** Opening Records to use block **

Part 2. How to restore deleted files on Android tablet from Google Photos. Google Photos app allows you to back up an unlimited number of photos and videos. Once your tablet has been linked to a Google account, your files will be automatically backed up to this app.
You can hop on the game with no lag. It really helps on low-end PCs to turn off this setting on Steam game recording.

** Closing Records to use block **
** Opening Records to use block **

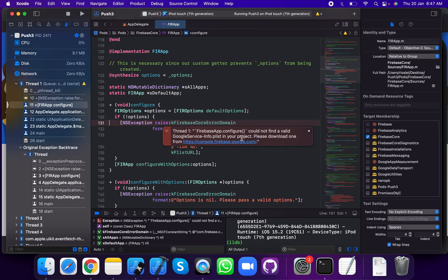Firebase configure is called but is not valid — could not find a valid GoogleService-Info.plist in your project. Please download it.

** Closing Records to use block **

The answer is to be a bare number, showing how many lines of the records contain "this".

Answer for the task:
2